Tuesday, January 20, 2009
Paradigm: everything goes
While doing some reading on interactivity I stumbled upon an article that sought to shed some light on the concept by doing expert interviews. The authors live in the fantasy that definitions are contingent upon empirical findings (as if empirical findings can ever come to be without prior definitions) and take an inductive approach to defining interactivity. The results are of course completely arbitrary and I will not go into them, let the brief critique of the process itself suffice. What really got me going was an invocation used at the beginning of the article. The chant went something like "reality is socially constructed" and was preceded by the magical word "paradigm". Kuhn probably never realized the damage his theory would do, since it tends to be taken out of context and used as a talk-nonsense-free-card.

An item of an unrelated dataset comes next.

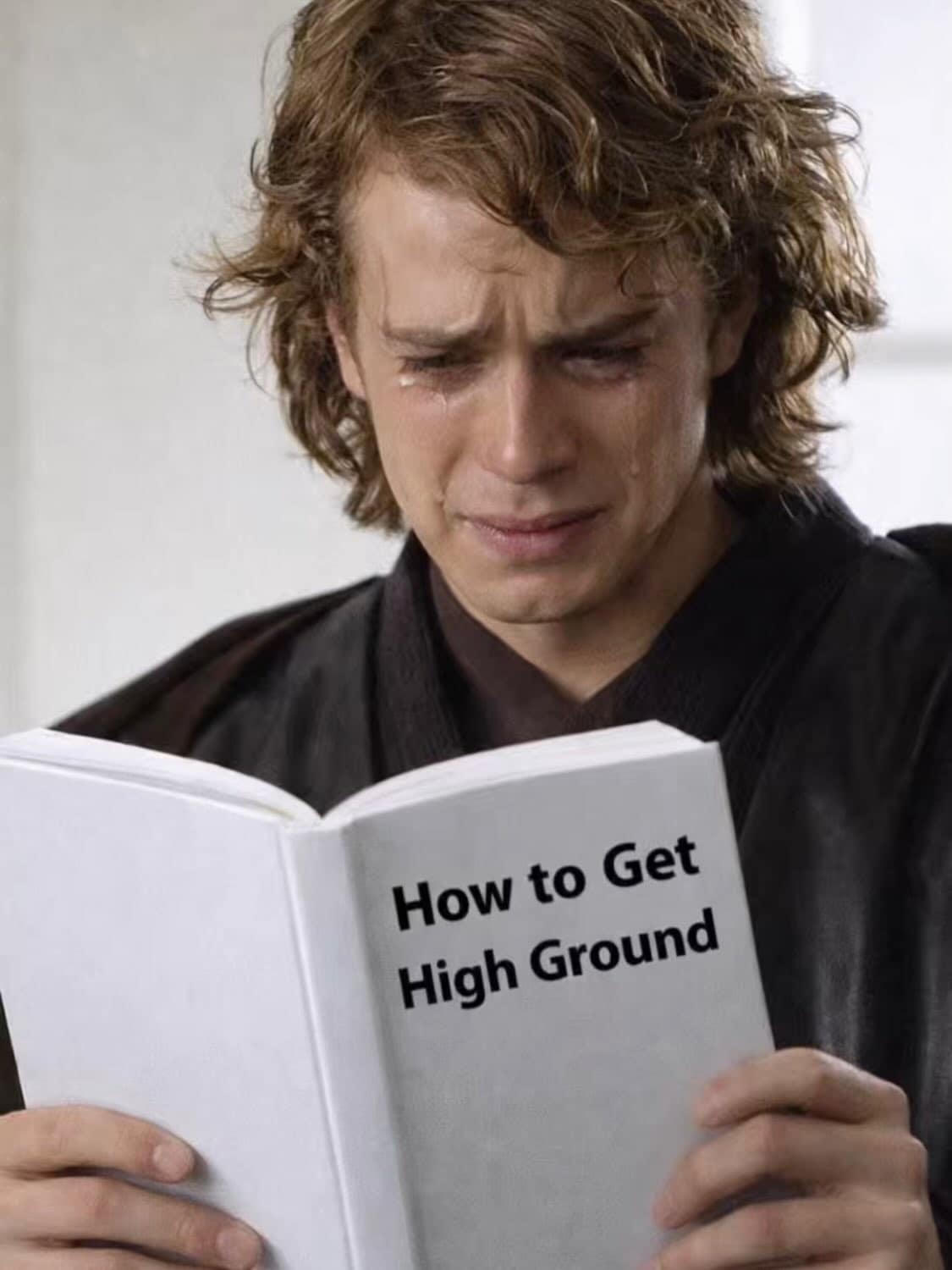 hilarious meme for Star Wars fans featuring Anakin Skywalker sobbing with tears running down his face as he studies a white book titled "How to Get High Ground," a direct reference to his failure on Mustafar.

The idea that reality is socially constructed is one of such brilliant examples, especially since we are supposed to accept it simply because the authors "chose" a specific paradigm. No halfway decent philosopher today clings to such a naive Humeian interpretation of the relationship between subject and object, yet somehow it is acceptable for social scientist if only they present it as a result of their arbitrary will. Marx and Engels already had a nice response to people who believed reality was socially constructed in their day. They answered with the anecdote of a person who believed people drowned merely because they clung to this damned idea of gravity and dedicated his whole life to banishing this idea from minds everywhere he found it.